Some people doubted whether it would help but for me, it was simple. If headgear gave my brain even just a tiny bit more protection, it would be worth it. That could be the difference between me suffering another serious injury or staying healthy.
With your brain, the stakes are just too high. And I knew it would also reassure my friends and family.
I was a little bit embarrassed at first, because it’s so uncommon in footy, but I soon forgot about it and just enjoyed being back out there.
When I coped well with the contact sessions, I knew that I was close to playing a real game, but it took me three weeks to muster up the courage to ask my doctor the big question.
I’d imagined the moment so many times and, if he’d said no, I would have been crushed. But he didn’t. He told me I could play again.
I’d be lying if I said I didn’t get a little teary.
I was scared that I was about to watch everyone else live out the dream I’d had since I was a little girl.
I’ve actually got a theory that everybody already knew I’d made a full recovery. They just didn’t tell because they didn’t want me to feel pressure to play before I was mentally ready.

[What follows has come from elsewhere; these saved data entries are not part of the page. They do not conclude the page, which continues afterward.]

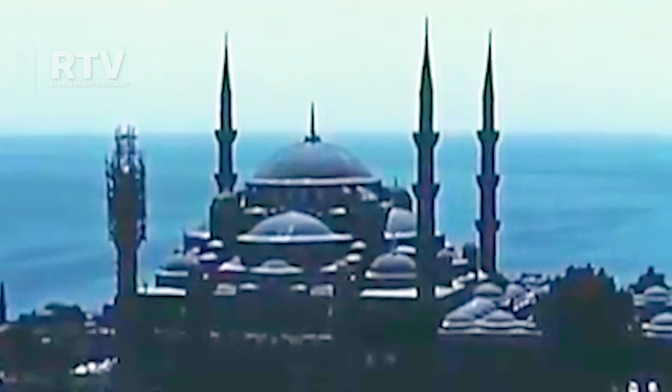Perhaps most of all, the Blue Mosque, which exemplifies the great contribution of the Turks to architecture, with its delightful gardens.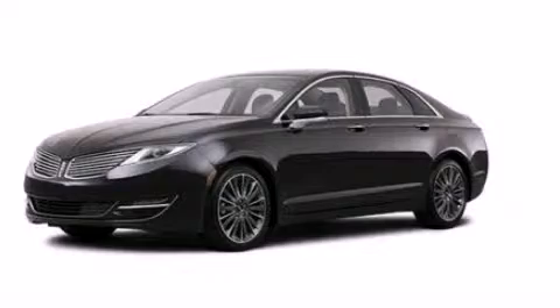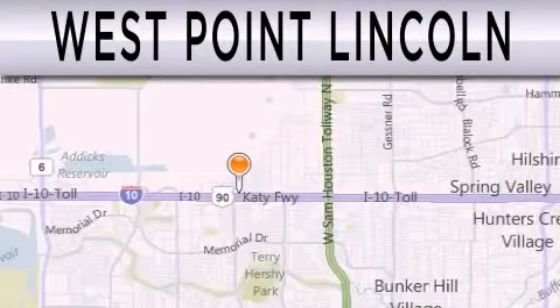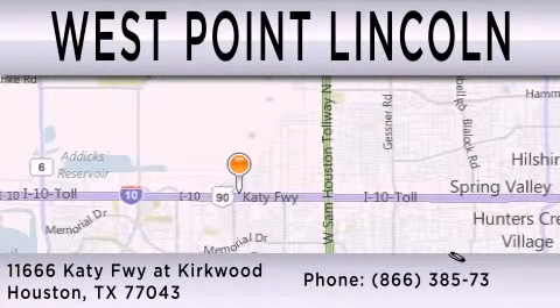Stop by today and test drive this vehicle for yourself. West Point Lincoln is dedicated to doing everything possible to ensure that the experience you have selecting your next vehicle is as pleasant as possible. We're located at 11666 Katy Freeway at Kirkwood in Houston.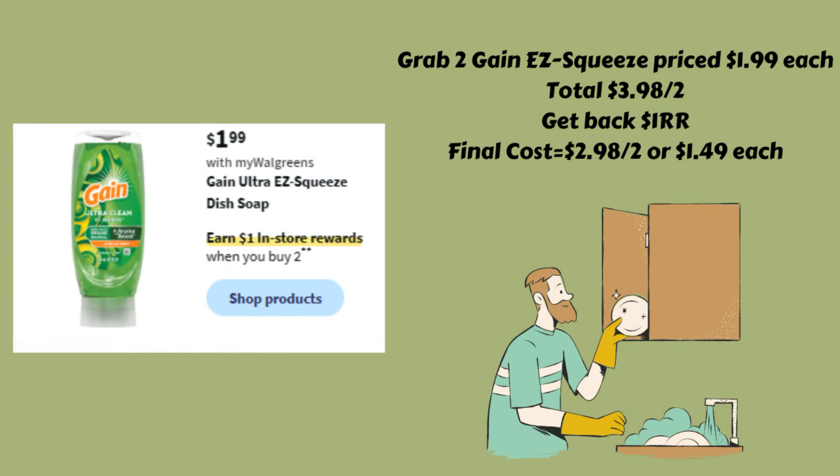If you prefer the Gain Easy Squeeze, we also have the same deal on that — buy two and get back a $1 register reward. They're on sale for $1.99, so grabbing two totals $3.98. Get back the $1 register reward, making the final cost $2.98 for both, or $1.49 each. Remember, the Gain Easy Squeeze and the Dawn are both part of the same deal, so if you want to do both, you'd have to do them on separate transactions to get both register rewards.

I had to get my confidence back in my own time and that’s why I decided to sit out an extra week. I needed to get over my nerves.

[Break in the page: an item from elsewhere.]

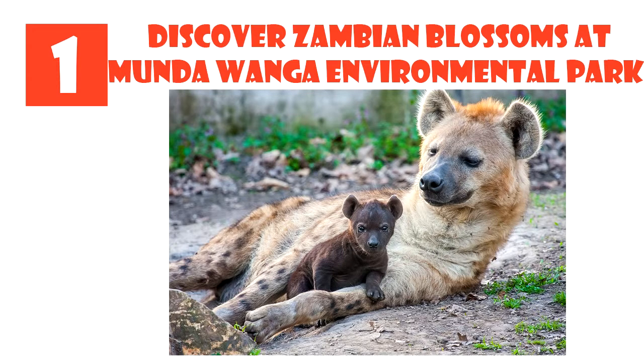They not only rehabilitate injured animals for re-entry into the wild, but also acquire, propagate, exhibit, conserve and care for indigenous and exotic flora and fauna for the benefit of the community.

My teammates helped with that. At our final training session, they all offered to wear headgear for my first game, in support of me. Girls worry about their looks a lot and a helmet isn’t the most flattering accessory. But hearing that they were willing to set all that aside meant a lot, even if I told them not to.
In the end I was out for a year, almost to the day.

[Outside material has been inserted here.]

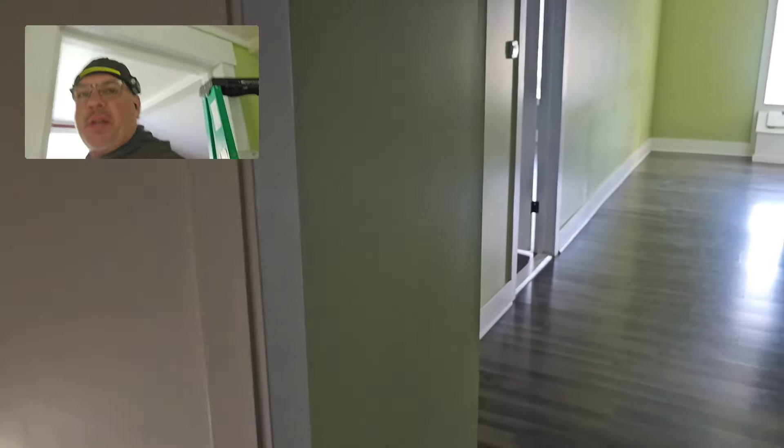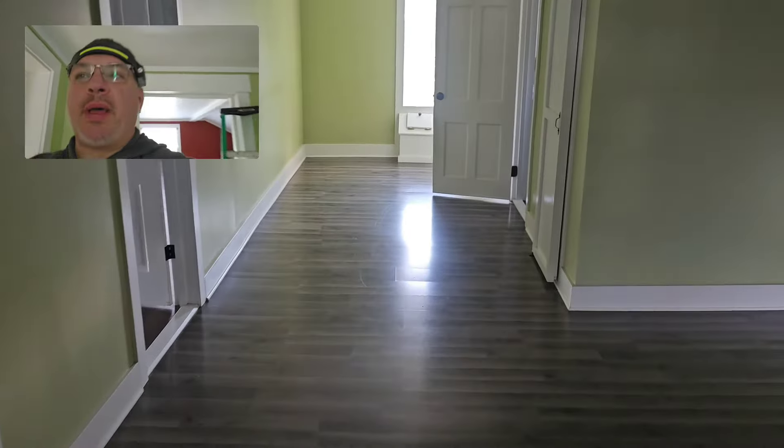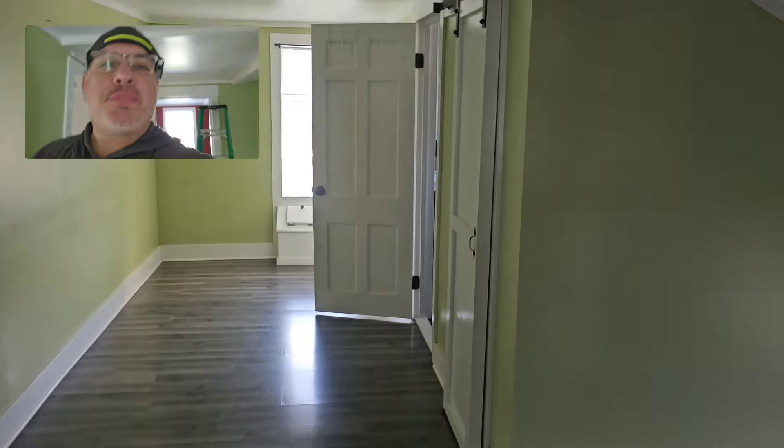Hey guys, Mike here with Tri-County Inspections and in today's video I want to talk to you about Amish-built houses.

I cried as I ran out onto the field. Then it was about switching on and getting into the game.
I remember getting hit for the first time and it took me a moment to realise I was OK. I sat on the grass, almost waiting for something to happen. But nothing did.
It made me realise that I wasn’t made of glass anymore. I could take the hits.
And then I kicked my first goal in more than a year and every single player in my team, even from the backline, raced forward. When I looked up, they were all on me.
That’s when I knew that all the tough times were worth it. Nothing replaces the feeling you get from playing with your mates and celebrating as a team. I’d missed it so much.
WHY I STILL WEAR HEADGEAR
In the end, I played three games before our season ended with a loss in the first week of the finals. I didn’t think it would be enough to put me in the frame for the AFLW draft.
Even when I met with a couple of AFL clubs, I didn’t think it would come to anything. I thought they’d see me as a liability.
Then I got an invitation to the draft. It didn’t guarantee anything, but I knew that there was only a select number of girls invited.
I went to the draft with my parents and before I knew it, pick number 27 came around and Collingwood drafted me.
It was the realisation of all my hopes and dreams in one moment.
I put my head in my hands, in disbelief. Then I looked over at Mum and she was crying. I hugged Dad and then Steph Chiocci, who had already been selected by the Magpies, turned around and squeezed my leg.
I can’t describe how proud I felt.
Growing up, they always said an AFL women’s comp would happen ‘one day’. But that day never seemed to come. In the end, it all happened so fast that I’m still coming to terms with it all. It’s surreal.
I’ve been able to play a role in something historic, but things could have turned out so differently for me.
That’s why I still wear headgear.
It’s not just about protection anymore. It’s about raising awareness and getting people talking. Hopefully, it motivates them to get educated on how to detect, monitor and treat concussion.
That’s where HeadCheck comes in. Every footy player, parent, trainer and coach can benefit from using the app. It helps users identify the signs and severity of a concussion, advise when medical attention is required and then how to manage the recovery process as well.
And I can’t stress this enough, be honest about your symptoms and see a doctor if you’re ever unsure.
There’s a new saying: ‘If in doubt, sit it out’. I wish I’d heard it earlier, but if we get the message out there now, we can stop other people making the same mistakes I did.